What happened next only comes back to me in brief, bright images. A bright red 100% written across my paper, whirling around the room with my very proper teacher while she smiled and the whole room exploded into laughter. After a few turns around the front of the classroom, she smoothed out her skirt and returned to her desk, and I returned to mine. My ears so flaming red with embarrassment that the laughter continued. Poor Renae Westenberger's 100% didn't merit equal celebration, but something had been irrevocably changed in our classroom that day. Mrs. Ehlers was still strict and demanding, but we had seen that she also laughed and danced! She was human, and we (most of us anyway) came to love her. The same students who had lived in fear of Mrs. Ehlers defended her hotly in the playground to attacks from other kids.

She passed away when we were in high school, and we sent flowers to the funeral in honor of a woman who had taught us that appearances can be deceiving. It was my first lesson in don't judge a book by its cover. Proverbs 31:30 teaches: Charm is deceptive, and beauty does not last; but a woman who fears the Lord will be greatly praised.

A Passion Redeemed by Julie Lessman is the second book in the Daughters of Boston series. Charity O'Connor is still living in Ireland with her grandmother and great-grandmother, despite the rest of her family's return to Boston at the end of the previous book. She has set her sights on Mitch, her older sister's former fiance, but he wants nothing to do with the woman who destroyed his engagement and lied to him. Charity's not going to let a little thing like Mitch's feelings get in the way of what she wants, and she's willing to do anything to make him hers. Lessman had a bit of a challenge when writing this sequel that revolves around Charity, Faith's younger sister. Charity abused Faith horribly in the first book and did so without any compunctions whatsoever, so I had no sympathy for Charity, and honestly, I didn't like her at all.

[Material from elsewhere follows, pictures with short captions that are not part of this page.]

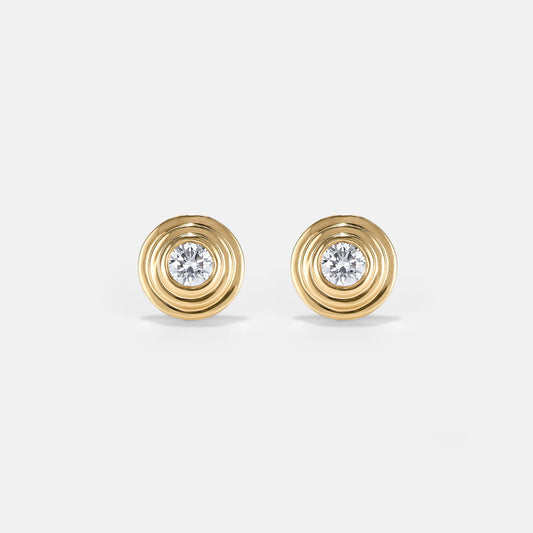 Contours Diamond Studs in Yellow Gold - 0.10ct (0.20ctw)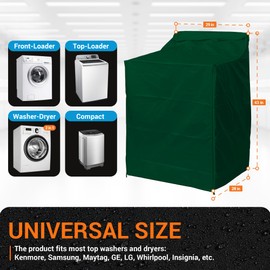 BlueStars Washing Machine Cover For Top-load - Premium Outdoor Protection For Most Washer Dryer Cover - W29”x D28”x H43” (Green)
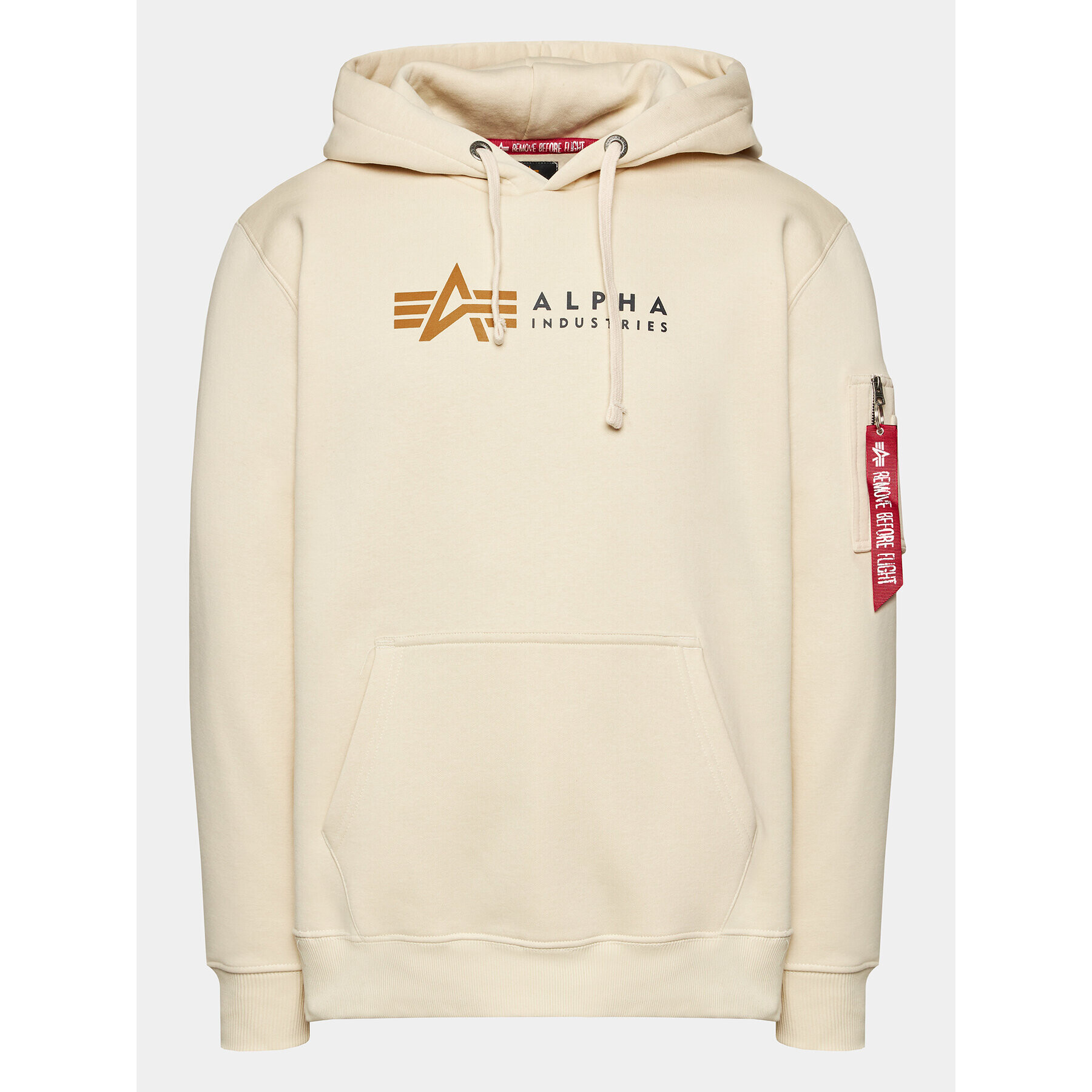 Alpha Industries Bluză Label 118331 Écru Regular Fit - Pled.ro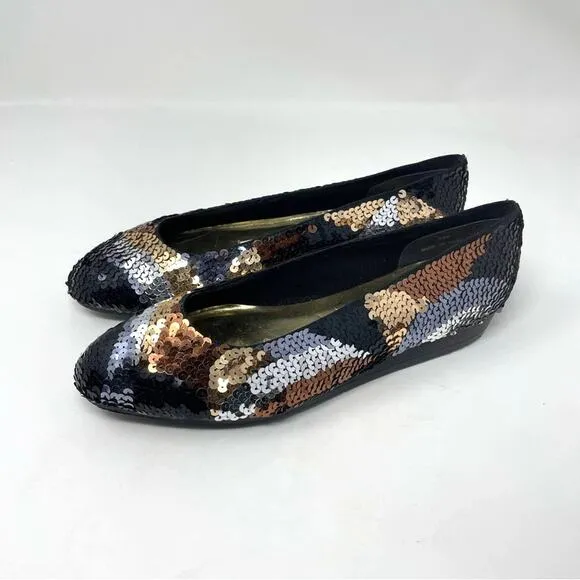 Frankie &amp; Baby Sequin Shoes Black Silver Bronze Metallic 7.5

Charity lies and manipulates those who love her, without ever considering the consequences. I wanted to smack her more than once. It is to Lessman's credit that by the end of the book, I empathized with Charity and was glad to see her get her happy ending. Lessman writes deep drama and romance without being melodramatic, but her greatest strength is in her victory in reclaiming sex as a gift from God. Sex has gotten a bad rap, and society tends to think that Christians don't like it or approve of it. But sex, within marriage, is a wonderful gift from the Lord, and the passion between the elder O'Connors, as well as Faith and her husband, is fiery and absolutely wonderful. I can't wait to see what will happen in the next book!